On the other hand being old has earned certain rewards. Klein uses a quote from Epicurus to prove this point. “It is not the young man who should be considered fortunate but the old man ho has lived well, because the young man in his prime wanders much by chance, vacillating in his beliefs, while the old man has docked in the harbor, having safeguarded his true happiness.”

This juxtaposition is what made me think of Erikson. According to Erikson I am still in middle adulthood. He classifies 40 to 65 as middle adulthood, where this person seeks balance between generativity and stagnation. In other words, a person of this age is looking at creating, or at least supporting, some sort of legacy. “Success leads to feelings of usefuless and accomplishment, while failure results in shallow involvement in the world.”

Erikson’s last stage is entitled Maturity. This is from the age of 65 until death. This is where the senior citizen looks back at their life and either sees a sense of fulfillment, leading to feelings of wisdom, or failure, leading to regret, bitterness, and despair.

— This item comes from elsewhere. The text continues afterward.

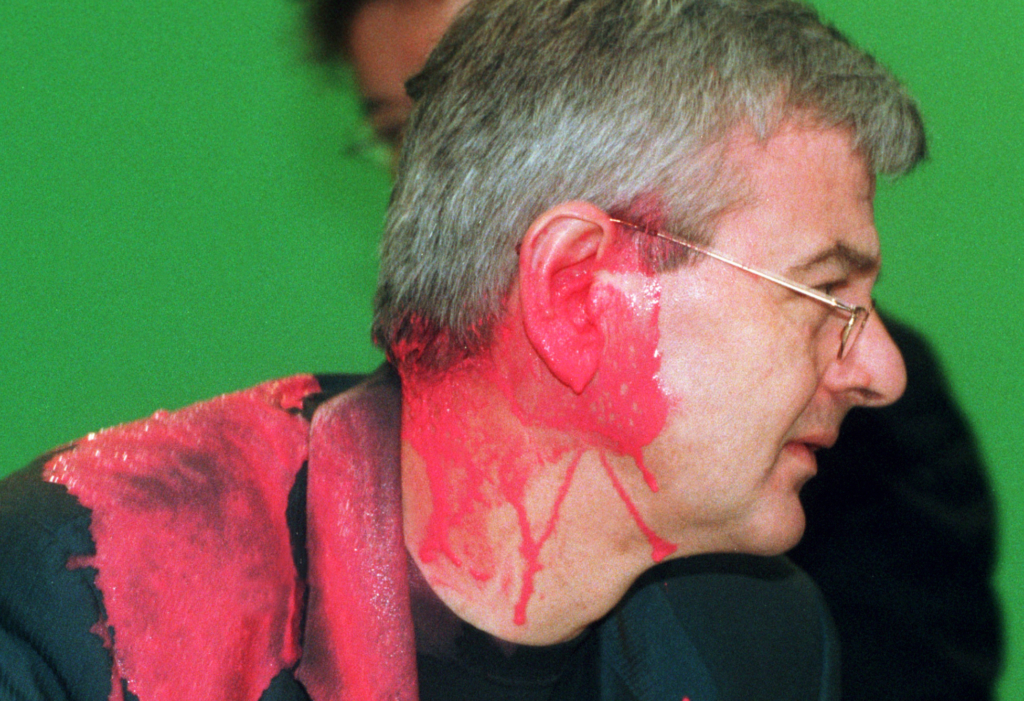 Green Party politician Joschka Fischer, shortly after being hit by a paint capsule at a special meeting of his party on the Kosovo war.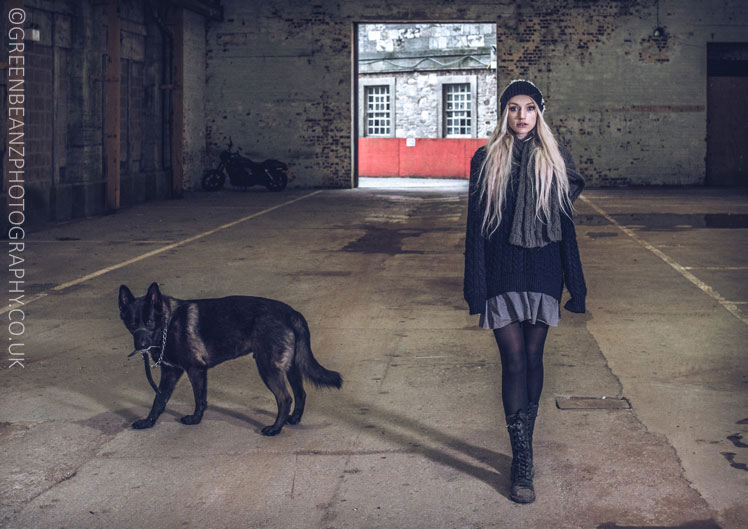 Model Olivia Harriett with black dog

What is my point? I am not thinking about retirement any time soon, but I am thinking about what I intend to do when that time comes. I still want to contribute to my world, but when the time comes I want to be willing to take my Bible, and my philosophy books, and go to a Starbucks, or as in the case of Klein, a Taverna, and just sit back and think. There will be a time when I will want to slow down and think and even write more. Hmm, like Klein says, maybe the new old age is no way to live.

And that is my thought for the day!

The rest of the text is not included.